EU treaty negotiationsTony Blair hopes “red lines” will distract voters from what he is really giving awayOn Monday 18th June 2007 Tony Blair outlined a series of tough-sounding “red lines” on negotiations over the new EU treaty, vowing once again to fight off the Charter of Fundamental Rights, alongside anything that would “displace Britain’s role in the world”, undermine “the common law legal system”, or take away control of the UK’s social security system.
In briefings to the weekend papers, the Government also went out of its way to stress that “diabolically difficult” negotiations lie ahead, and that it will be very difficult for the Government to get its way.

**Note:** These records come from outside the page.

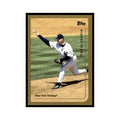 Hideki Irabu 1999 Topps #115 New York Yankees Baseball Card NM
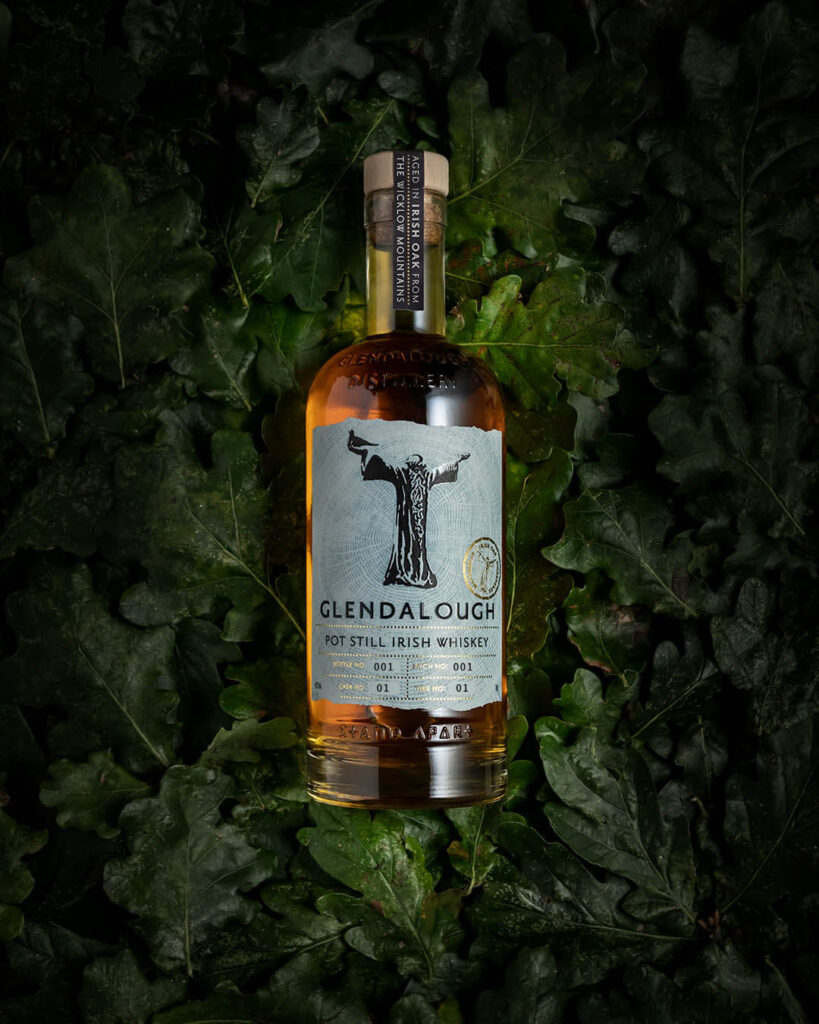 Glendalough Distillery Pot Still single malt Irish whiskey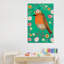 «Robin» par Mia Charro - impression d'art graphique-52799467-52799448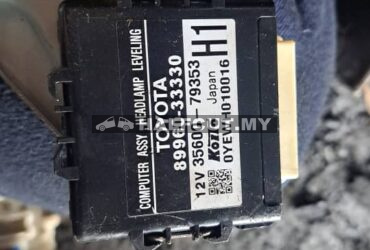 TOYOTA CAMRY ACV40 2.0 ECU (89960-33330)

Last week the Prime Minister’s spokesman appeared to have ruled out a referendum. But over the weekend, ministers – led by Geoff Hoon – stressed that they might even be prepared to call a referendum – if they were defeated in the negotiations. So what’s going on? In reality the so-called British “red lines” are designed only to distract attention from what Blair will really be conceding in Brussels this week.
The reason that the Government wants to play up the chances that it might have to give way on these issues is so that it can claim ‘victory’ for getting them removed, and to distract from what it is really giving way on. Meanwhile the Government will happily wave through other important proposals contained in the original EU Constitution, which would shift even more power to the EU level.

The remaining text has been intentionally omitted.